Is it possible to modify this script to allow whole pages as input? For example, if one wanted to include information about article size to Wikipedia:Vital articles? Or would 1000 instances of the script be too much to run on every single page load? — Yerpo Eh? 12:07, 28 April 2013 (UTC)
- Yes, there are ways to operate on an entire page's content, though if all you wanted was page size then the parser function {{PAGESIZE:page name}} probably makes more sense. However, loading entire pages is expensive, which means somewhat slow and limited to no more than 500 times per page. That limit applies to the PAGESIZE: parser function as well, so neither Lua nor PAGESIZE: would work if you needed 1000 iterations on a single page. Dragons flight (talk) 17:15, 28 April 2013 (UTC)

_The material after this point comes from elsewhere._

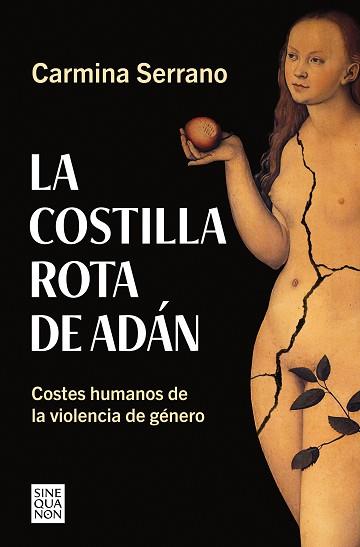 LA COSTILLA ROTA DE ADÁN.COSTES HUMANOS DE LA VIOLENCIA DE GÉNERO | 9788466672047 | SERRANO,CARMINA | Llibreria Geli - Llibreria Online de Girona - Comprar llibres en català i castellà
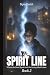 The Spirit Line: Where the ...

- There are ways to minimize the need to call expensive parser functions repeatedly in some cases. In Lua the result can be stored in a variable for reuse. Similar can be done with templates by passing the result of an expensive parser function as the value of a template argument/parameter. Either way the result could be printed a trillion times with one invocation or template call, as long as the time allocated for Lua and template expansions isn't exceeded. If you look at the result of {{#invoke:string|rep|{{PAGESIZE}}•|1000}} for example, the page size is displayed 1000 times with only one invoke, because the expensive parser function was only called once. This wouldn't work for the specific use case you have in mind though, as there are more then 500 different pages to get the page size for. --darklama 19:52, 29 April 2013 (UTC)
Not really a script-related subquestion, but come to think about it, parsing pages isn't necessarily unavoidable if all I want is page size. Is there an on-wiki handle available to extract it from page history? — Yerpo Eh? 05:51, 30 April 2013 (UTC)
- Besides {{PAGESIZE:page name}}, the MediaWiki API can be queried through JavaScript to find out page sizes. JavaScript is probably going to be the only way you will be able to include the current size for every page. --darklama 10:53, 30 April 2013 (UTC)
Replication on other wikis
Hi, I have just discovered this new "Lua programming" functionality in wikimedia (I am an Italian user). I want to make a question (I don't know if other users have already talked about this). I have noticed that all wikis are replicating this base library (String), changing only the error messages (localization). Does not exists a feature for using only 1 shared String library among wikis (like images on Commons), instead of replicating it for each wiki? "String" is a very base library and if someone discover a bug here, the fix should to be propagated in each wiki (or vice versa).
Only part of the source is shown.